3). L’exception d’irrecevabilité de la requête ayant fondé une ordonnance d’injonction de payer, irrecevabilité fondée sur l’absence d’indication du siège et de forme sociale, de la profession et du domicile des défendeurs ne peut plus être soulevée devant le juge saisi de l’opposition à ordonnance d’injonction de payer lorsque la requête a déjà été reçue par le premier juge.
(Tribunal de Grande Instance de la Mifi, jugement n 36/CIV du 17 Juin 2008, affaire AMOUR DU NDE SARL, WOUAPI Evariste contre CAMI TOYOTA).
LE TRIBUNAL
Vu l’acte introductif d’instance.
Vu les articles 9 et suivants de l’Acte Uniforme OHADA n 06 portant Organisation des Procédures Simplifiées de Recouvrement et Voies d’exécution.
Vu la loi N 2006/015 du 29 Décembre 2006 portant organisation judiciaire.
Vu les pièces du dossier de la procédure.
Attendu que par exploit en date du 12 Décembre 2006 enregistré à Bafoussam le 11 janvier 2007 aux droits de quatre mille francs de Maître TCHOUA Yves, huissier de justice à Bafoussam, la société AMOUR DU NDE SARL, dont le siège social est à Douala, et le sieur WOUAPI Evariste, homme d’affaires demeurant à Nkongsamba ayant pour conseil Maître Fidèle TEPPI KOLOKO, avocat au barreau du Cameroun ont donné assignation à la société Cameroon Motors Industries, ci -après désignée CAMI TOYOTA, d’avoir à se trouver et comparaître par devant le Tribunal de céans statuant en matière civile et commerciale pour est -il dit dans l’exploit :
Bien vouloir annuler l’exploit de signification de l’ordonnance attaquée comme ayant méconnu l’article 8 de l’Acte Uniforme OHADA n 06.
Bien vouloir rétracter et annuler l’ordonnance n 04/INJ/06 – 07 du 03 Novembre 2006 dont opposition.
Statuant sur la recevabilité de la requête aux fins d’injonction de payer.
Vu l’article 4 de l’Acte Uniforme portant Organisation des Procédures Simplifiées de Recouvrement et Voies d’exécution OHADA.
Bien vouloir déclarer irrecevable, icelle contenant des manquements sanctionnés d’irrecevabilité par le texte susvisé.

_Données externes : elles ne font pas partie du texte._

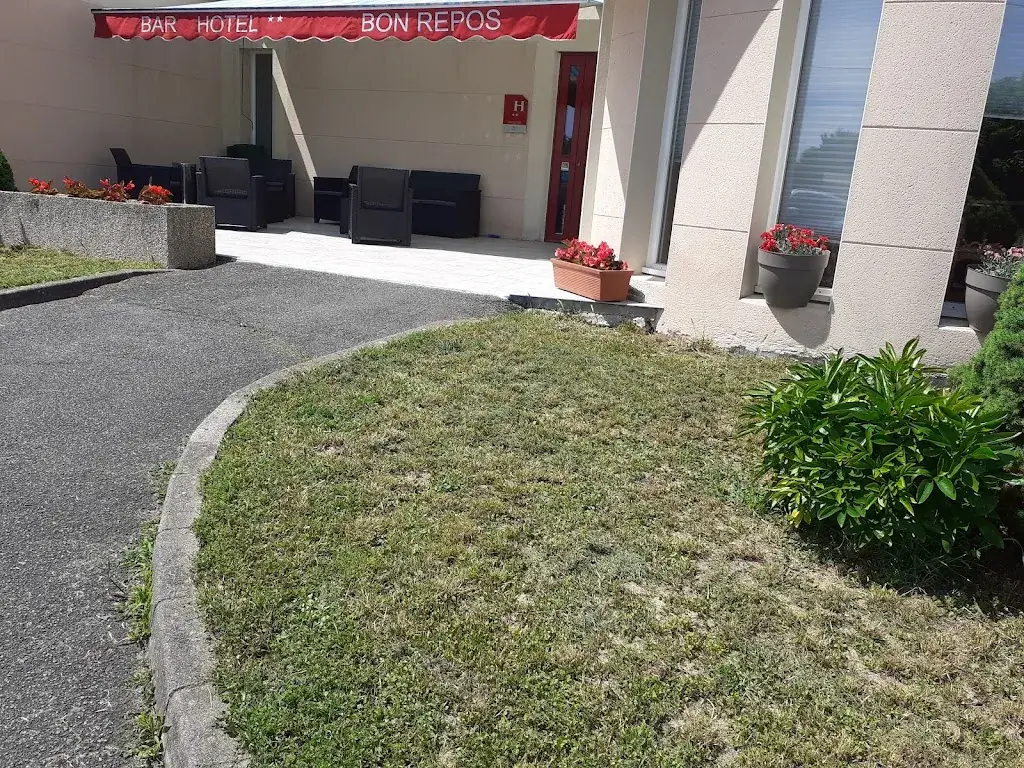 Hôtel Bon Repos restaurant in Barbezieux-Saint-Hilaire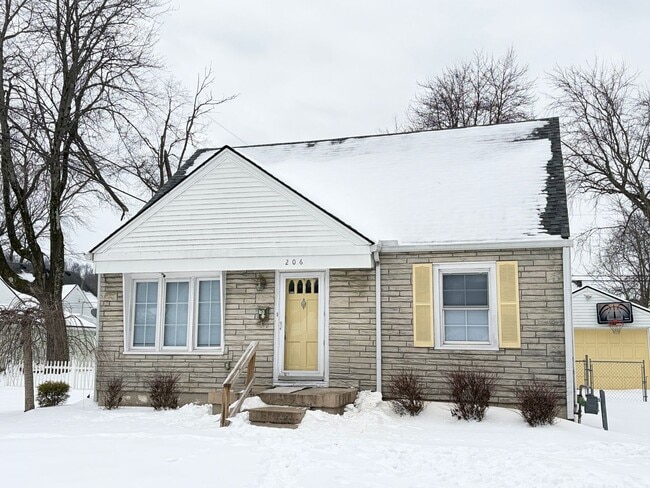 Photo - 206 Kenoak Dr House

Condamner la Cameroon Motors Industries aux entiers dépens dont distraction au profit de Maître TEPPI KOLOKKO Fidèle, avocat aux offres et affirmations de droit.
Attendu que la CAMI TOYOTA avait pour conseil la SCP NOUGWA et KOUONGUEING, et que toutes les parties ont conclu.
Qu’il y a lieu de statuer contradictoirement.
Attendu que les demandeurs allèguent au soutien de leur opposition.
Que par ordonnance n 04/INJ/06 – 07 rendue le 03 Novembre 2006, le Président du Tribunal de céans les a enjoint d’avoir à payer à la CAMI TOYOTA la somme FCFA= 13.125.989= en principa,l augmentée des frais accessoires d’un montant de FCFA= 2.150 000=, soit au total FCFA= 15.275.989=, outre les intérêts de droit et les dépens de la procédure.
Que ladite ordonnance leur a été signifiée le 06 Décembre 2006, et qu’ils formulent opposition sur la base de plusieurs moyens :
La nullité de l’exploit de signification de l’ordonnance.
La nullité de l’ordonnance elle – même et.
L’irrecevabilité de la requête aux fins d’injonction de payer.
Qu’en violation de l’article 8 de l’acte uniforme susvisé, l’exploit de signification ne précise pas le montant des frais de greffe, ce qui constitue une omission substantielle sanctionnée par la nullité.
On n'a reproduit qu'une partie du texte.